The task =
Could you retype the lines below, starting at the line holding "Fille Aime Fossas" and stopping at the line holding "How to make", inclusive? Copy them exactly and drop the images.

Data provided =
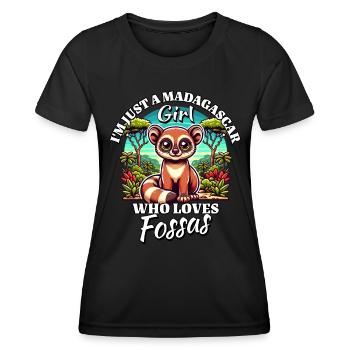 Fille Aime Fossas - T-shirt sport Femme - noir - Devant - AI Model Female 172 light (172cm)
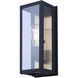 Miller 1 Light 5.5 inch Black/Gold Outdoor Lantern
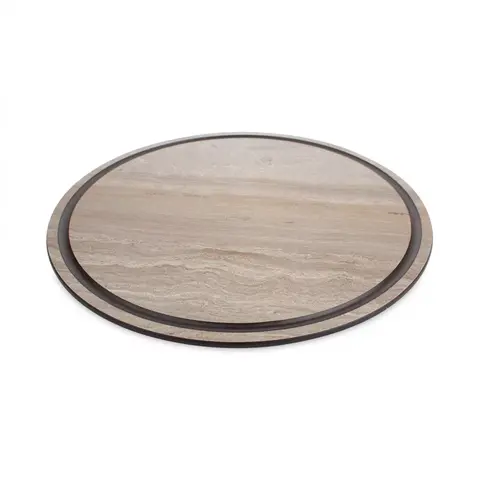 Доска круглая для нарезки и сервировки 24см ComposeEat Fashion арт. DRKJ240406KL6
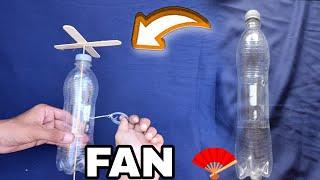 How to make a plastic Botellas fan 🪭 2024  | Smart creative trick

--

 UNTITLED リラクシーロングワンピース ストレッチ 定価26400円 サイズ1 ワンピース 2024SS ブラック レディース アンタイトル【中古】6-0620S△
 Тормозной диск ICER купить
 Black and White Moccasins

Response area =
 Fille Aime Fossas - T-shirt sport Femme - noir - Devant - AI Model Female 172 light (172cm)
 Miller 1 Light 5.5 inch Black/Gold Outdoor Lantern
 Доска круглая для нарезки и сервировки 24см ComposeEat Fashion арт. DRKJ240406KL6
 How to make a plastic Botellas fan 🪭 2024  | Smart creative trick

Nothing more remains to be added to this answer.